Button.move = MovableItem.move

try:
    # this instantiation fails
    b1 = Button()
except Exception as ex:
    print(f"Exception: {ex}")
#Exception: Can't instantiate abstract class Button with abstract method move


Hopefully we can ask the "abstract status" to be recalculated, by using update_abstractmethods


update_abstractmethods(Button)

try:
    # works fine
    b1 = Button()
    b1.move()
except Exception as ex:
    print(f"Exception: {ex}")

There's an additional issue that can not be fixed with update_abstractmethods. If I define a class that inherits from an abstract class and gets the implementation of one of the abstract methods from another parent class, such method is not considered as implemented, and it shows up in the __abstractmethods__ of the class, making it uninstantiable. This behaviour seems a bit odd to me, and I've verified that for example in Kotlin if one class implements an interface and extends a class, methods in the parent class can provide the implementation of the interface without a problem.
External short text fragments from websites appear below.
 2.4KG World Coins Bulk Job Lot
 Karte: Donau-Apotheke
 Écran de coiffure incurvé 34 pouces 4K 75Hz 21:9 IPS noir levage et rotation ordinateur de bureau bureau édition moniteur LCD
If you read carefully the explanation in that paragraph above about how abstract classes are implemented, this behaviour makes sense, but as I've said it's not what I would expect.

abstract/inheritance1.py

from abc import ABC, abstractmethod, update_abstractmethods

class Widget(ABC):
    @abstractmethod
    def draw(self):
        pass

    @abstractmethod
    def move(self):
        pass


class MovableItem:
    def move(self):
        print(f"I'm moving")


class Button(Widget, MovableItem):
    def draw(self):
        print(f"I'm drawing myself")

try:
    b1 = Button()
    # though I'm inheriting the move method from MovableItem, the abstract one in Widget remains and I get an exception creating the object
except Exception as ex:
    print(f"Exception: {ex}")
# Exception: Can't instantiate abstract class Button with abstract method move

You can fix it by defining the problematic method in the derived class and invoking from it the implementation in the parent class.


class Button2(Widget, MovableItem):
    def draw(self):
        print(f"I'm drawing myself")
    
    def move(self):
        # if we use super the resolution ends up in the move of the abstract, Widget class, that does nothing
        #super().move()
        MovableItem.move(self)


b2 = Button2()
b2.draw()
b2.move()
# I'm drawing myself
# I'm moving

By the way, there's an interesting discussion here about the best way to check if a class is abstract.